Farro Salad Recipe with Caramelized Root Vegetables
Farro Salad Recipe Overview
The ancient grain, Farro, was a staple of the Roman empire and is healthful and tasty grain making its way into elevated modern cuisine. Farro is actually a form of wheat, and as a whole grain offers many benefits as well as wonderful taste, frequently acting as a substitute for brown rice. This farro salad recipe with caramelized root vegetables recipe is sweet and savory, and it can be served hot or at room temperature, which makes this farro salad recipe a great option for both the lunch box and the salad plate. It is a great side dish for any healthy meal but is hearty enough to stand by itself.
Equipment used in to make this farro salad recipe
Skillet
Measuring spoons
Measuring cups
Spatula or wooden spoon
Large saucepan or pot
Ingredients in this farro salad recipe
1 1/3 cups farro
1 3/4 cups broth (vegetable broth, beef broth, or chicken broth)
2 tsp. salt
1 Tbs. olive oil for the farro
1 Tbs. olive oil for the root vegetables
1/2 yellow onion, cut into strips
1 small sweet potato, medium dice (about 1/2″)
2 carrots, medium dice (about 1/2″)
1 Tbs. brown sugar
½ tsp freshly ground pepper (or to taste)
Note: The exact size of the dice on the carrots and sweet potatoes is not that important, cut them like you like. But it is important that the carrots and sweet potatoes are all about the same size as each other, so that they cook the same.
Directions for making this farro salad recipe with caramelized root vegetables:
Heat a large saucepan over medium/high heat and add 1 tablespoon olive oil. Add the onion strips and cook until they begin to toast. Add the farro to the pan, tossing in the oil to toast the kernels.

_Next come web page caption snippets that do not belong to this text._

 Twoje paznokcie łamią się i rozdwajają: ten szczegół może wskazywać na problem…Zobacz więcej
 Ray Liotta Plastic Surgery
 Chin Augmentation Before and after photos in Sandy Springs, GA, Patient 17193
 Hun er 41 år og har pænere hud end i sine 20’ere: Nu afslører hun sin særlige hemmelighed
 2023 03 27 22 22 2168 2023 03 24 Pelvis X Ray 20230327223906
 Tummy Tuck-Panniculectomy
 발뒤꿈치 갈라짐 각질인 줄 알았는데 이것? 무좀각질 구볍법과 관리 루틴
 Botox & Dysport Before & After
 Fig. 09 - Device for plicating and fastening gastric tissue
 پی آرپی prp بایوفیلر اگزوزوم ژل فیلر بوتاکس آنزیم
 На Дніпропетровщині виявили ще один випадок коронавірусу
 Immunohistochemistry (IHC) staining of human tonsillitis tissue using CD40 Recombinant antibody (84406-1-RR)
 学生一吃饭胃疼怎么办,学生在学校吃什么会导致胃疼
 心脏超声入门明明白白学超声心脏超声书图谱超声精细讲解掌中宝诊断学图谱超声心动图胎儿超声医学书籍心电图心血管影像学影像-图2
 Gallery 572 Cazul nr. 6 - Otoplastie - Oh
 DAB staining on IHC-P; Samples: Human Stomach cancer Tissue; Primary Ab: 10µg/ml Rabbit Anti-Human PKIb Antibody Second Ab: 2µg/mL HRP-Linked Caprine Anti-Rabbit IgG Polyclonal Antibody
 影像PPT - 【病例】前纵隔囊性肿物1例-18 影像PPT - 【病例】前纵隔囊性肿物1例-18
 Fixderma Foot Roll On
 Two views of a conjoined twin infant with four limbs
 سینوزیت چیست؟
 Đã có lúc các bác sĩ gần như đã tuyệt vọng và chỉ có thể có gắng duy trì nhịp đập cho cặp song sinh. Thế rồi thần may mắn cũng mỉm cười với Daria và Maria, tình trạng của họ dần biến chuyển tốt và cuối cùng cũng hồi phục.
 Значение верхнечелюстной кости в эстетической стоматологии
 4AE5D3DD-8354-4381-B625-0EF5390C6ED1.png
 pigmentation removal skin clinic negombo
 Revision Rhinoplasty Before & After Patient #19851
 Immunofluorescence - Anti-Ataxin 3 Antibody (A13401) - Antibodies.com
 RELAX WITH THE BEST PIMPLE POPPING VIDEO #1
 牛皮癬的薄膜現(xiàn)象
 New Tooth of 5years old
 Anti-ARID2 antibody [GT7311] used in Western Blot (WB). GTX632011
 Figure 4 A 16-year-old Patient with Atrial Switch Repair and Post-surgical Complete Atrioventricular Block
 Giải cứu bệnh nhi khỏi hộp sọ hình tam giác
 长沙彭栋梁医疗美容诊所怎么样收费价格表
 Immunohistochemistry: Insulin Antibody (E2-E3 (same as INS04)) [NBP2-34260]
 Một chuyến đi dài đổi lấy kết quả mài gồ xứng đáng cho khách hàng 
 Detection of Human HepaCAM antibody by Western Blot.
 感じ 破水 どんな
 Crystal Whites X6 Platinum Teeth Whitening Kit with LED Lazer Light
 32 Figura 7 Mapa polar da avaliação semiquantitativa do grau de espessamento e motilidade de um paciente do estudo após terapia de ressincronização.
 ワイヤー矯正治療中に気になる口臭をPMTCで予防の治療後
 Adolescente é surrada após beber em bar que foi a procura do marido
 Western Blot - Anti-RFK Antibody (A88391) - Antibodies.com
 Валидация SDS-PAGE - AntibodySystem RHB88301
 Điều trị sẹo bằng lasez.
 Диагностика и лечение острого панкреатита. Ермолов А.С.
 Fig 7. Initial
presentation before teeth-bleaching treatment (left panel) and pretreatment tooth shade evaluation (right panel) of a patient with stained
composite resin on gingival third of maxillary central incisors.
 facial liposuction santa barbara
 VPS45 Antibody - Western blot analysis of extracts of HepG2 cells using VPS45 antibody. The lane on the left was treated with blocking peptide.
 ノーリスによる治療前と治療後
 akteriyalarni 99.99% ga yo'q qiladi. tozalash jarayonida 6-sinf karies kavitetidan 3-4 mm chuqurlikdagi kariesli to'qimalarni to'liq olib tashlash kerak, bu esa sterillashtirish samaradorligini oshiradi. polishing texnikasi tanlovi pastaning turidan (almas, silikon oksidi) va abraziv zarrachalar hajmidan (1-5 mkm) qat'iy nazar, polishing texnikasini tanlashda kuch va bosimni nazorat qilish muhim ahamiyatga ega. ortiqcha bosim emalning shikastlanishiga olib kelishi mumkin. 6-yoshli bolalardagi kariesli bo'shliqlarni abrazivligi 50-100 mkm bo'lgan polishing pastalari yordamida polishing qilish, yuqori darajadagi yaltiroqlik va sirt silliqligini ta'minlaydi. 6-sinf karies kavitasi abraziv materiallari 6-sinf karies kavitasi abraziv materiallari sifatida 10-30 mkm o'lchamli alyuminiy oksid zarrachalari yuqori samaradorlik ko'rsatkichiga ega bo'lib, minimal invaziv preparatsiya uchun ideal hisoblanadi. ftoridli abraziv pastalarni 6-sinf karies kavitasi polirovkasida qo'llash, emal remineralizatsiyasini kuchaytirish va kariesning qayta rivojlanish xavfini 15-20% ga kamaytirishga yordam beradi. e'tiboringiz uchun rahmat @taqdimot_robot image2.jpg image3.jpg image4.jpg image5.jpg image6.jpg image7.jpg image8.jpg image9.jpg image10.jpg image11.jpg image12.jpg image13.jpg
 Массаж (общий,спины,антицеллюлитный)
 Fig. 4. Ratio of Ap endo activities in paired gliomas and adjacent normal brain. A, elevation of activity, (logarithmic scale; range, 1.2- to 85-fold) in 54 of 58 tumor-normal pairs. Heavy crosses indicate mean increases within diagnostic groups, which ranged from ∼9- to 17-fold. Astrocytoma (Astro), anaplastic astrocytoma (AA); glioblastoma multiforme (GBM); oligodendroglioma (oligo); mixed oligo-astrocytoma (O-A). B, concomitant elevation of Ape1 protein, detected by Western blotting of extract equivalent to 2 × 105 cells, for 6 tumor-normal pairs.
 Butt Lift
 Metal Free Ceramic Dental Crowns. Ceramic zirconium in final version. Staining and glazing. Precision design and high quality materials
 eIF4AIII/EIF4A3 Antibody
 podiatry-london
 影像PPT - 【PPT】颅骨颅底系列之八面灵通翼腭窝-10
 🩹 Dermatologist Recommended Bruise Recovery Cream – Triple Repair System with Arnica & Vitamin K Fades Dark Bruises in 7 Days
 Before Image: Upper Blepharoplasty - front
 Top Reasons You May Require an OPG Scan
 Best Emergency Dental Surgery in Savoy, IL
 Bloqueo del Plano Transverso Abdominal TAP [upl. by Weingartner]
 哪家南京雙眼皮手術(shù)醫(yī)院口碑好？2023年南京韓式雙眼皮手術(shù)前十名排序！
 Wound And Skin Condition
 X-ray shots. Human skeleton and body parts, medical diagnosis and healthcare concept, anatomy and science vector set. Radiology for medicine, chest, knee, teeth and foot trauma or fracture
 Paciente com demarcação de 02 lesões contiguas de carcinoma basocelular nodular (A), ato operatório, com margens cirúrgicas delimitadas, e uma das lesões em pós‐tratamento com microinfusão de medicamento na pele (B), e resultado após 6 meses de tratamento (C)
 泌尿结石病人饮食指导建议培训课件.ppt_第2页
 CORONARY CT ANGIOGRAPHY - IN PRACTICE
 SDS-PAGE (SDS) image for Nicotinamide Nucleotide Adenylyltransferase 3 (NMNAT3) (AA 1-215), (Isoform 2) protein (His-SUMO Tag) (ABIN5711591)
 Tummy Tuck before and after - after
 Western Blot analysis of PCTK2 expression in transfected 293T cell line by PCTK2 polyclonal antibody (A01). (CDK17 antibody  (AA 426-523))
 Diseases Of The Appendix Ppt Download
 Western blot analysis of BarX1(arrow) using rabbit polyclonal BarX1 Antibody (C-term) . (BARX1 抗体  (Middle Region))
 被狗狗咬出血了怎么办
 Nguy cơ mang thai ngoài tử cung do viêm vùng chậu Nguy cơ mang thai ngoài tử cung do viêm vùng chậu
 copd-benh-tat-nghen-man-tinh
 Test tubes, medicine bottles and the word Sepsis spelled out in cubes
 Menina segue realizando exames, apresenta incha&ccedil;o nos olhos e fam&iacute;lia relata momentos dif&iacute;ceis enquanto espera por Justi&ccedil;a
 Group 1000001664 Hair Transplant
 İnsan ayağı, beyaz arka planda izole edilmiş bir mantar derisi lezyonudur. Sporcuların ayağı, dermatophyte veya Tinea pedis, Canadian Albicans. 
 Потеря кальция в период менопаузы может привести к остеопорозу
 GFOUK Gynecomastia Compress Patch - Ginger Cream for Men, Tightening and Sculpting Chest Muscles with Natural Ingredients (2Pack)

Then add the stock or broth (vegetable broth, beef broth, or chicken broth) and simmer on medium/low until the farro kernels have a soft bite. About 20 minutes. Much like pasta, you can cook farro to al-dente with a slight bite, or cook a little longer for a softer bite. Check as you go and stop when it’s just right for you.
(While the farro is simmering, make the vegetables. See below).
The farro will absorb most or all of the liquid. If the kernels are to your liking and there is still standing liquid in the pan, drain the excess liquid off before serving.
Add salt and pepper to taste and serve with the sweet potatoes and yams.
Heat a large skillet over medium/high and add 1 tablespoon olive oil. Put in the diced sweet potatoes and carrots. Cook covered for about 5 minutes to help make them tender.
Remove the cover and add 1 tablespoon brown sugar, ½ teaspoon salt and ½ teaspoon pepper.
Add a little water to help dissolve the sugar (about 1 tablespoon).
Simmer until the vegetables are tender, all the liquid is gone, and the surfaces have begun to turn brown in spots. If they begin to turn brown before they are to your preferred level of tenderness, lower the heat and add a little more water.
Enjoy this delicious farro salad recipe.
Cooking Farro
The root vegetables to complete the farro salad recipe
How to Cook Farro Recipe Video
Farro Salad Recipe Nutrition Benefits
This farro salad recipe is both a vegetarian and a vegan recipe. Farro is a high-protein grain with 5g of protein per 1/3 cup serving. Getting enough protein can sometimes be a challenge for people on vegetarian and vegan diets because meat and dairy are common sources of the macronutrient – but a farro salad recipe offers a great solution.
In addition to its protein content this farro salad recipe improves your body’s intestinal health. Emmer (found in farro) can be a source of resistant starch which passes through the small intestine without being digested. Resistant starch is fermented in the large intestine and feeds your healthy gut bacteria resulting in your body’s improved gut biome.
Farro is a wheat and does contain gluten – making it not appropriate for those with a gluten allergy. Keep this farro salad recipe frozen for up to a year. Once it is cooked, keep farro in the refrigerator in an airtight container for up to three days.